Brief descriptive captions
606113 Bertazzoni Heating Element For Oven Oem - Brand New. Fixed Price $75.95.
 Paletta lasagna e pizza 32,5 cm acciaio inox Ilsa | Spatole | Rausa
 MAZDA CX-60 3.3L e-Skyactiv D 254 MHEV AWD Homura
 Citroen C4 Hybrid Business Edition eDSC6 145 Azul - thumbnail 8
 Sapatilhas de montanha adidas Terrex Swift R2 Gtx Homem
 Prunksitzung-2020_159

What the task asks. When you reach the end of the data, write every line out again verbatim.

Answer to this problem.
606113 Bertazzoni Heating Element For Oven Oem - Brand New. Fixed Price $75.95.
 Paletta lasagna e pizza 32,5 cm acciaio inox Ilsa | Spatole | Rausa
 MAZDA CX-60 3.3L e-Skyactiv D 254 MHEV AWD Homura
 Citroen C4 Hybrid Business Edition eDSC6 145 Azul - thumbnail 8
 Sapatilhas de montanha adidas Terrex Swift R2 Gtx Homem
 Prunksitzung-2020_159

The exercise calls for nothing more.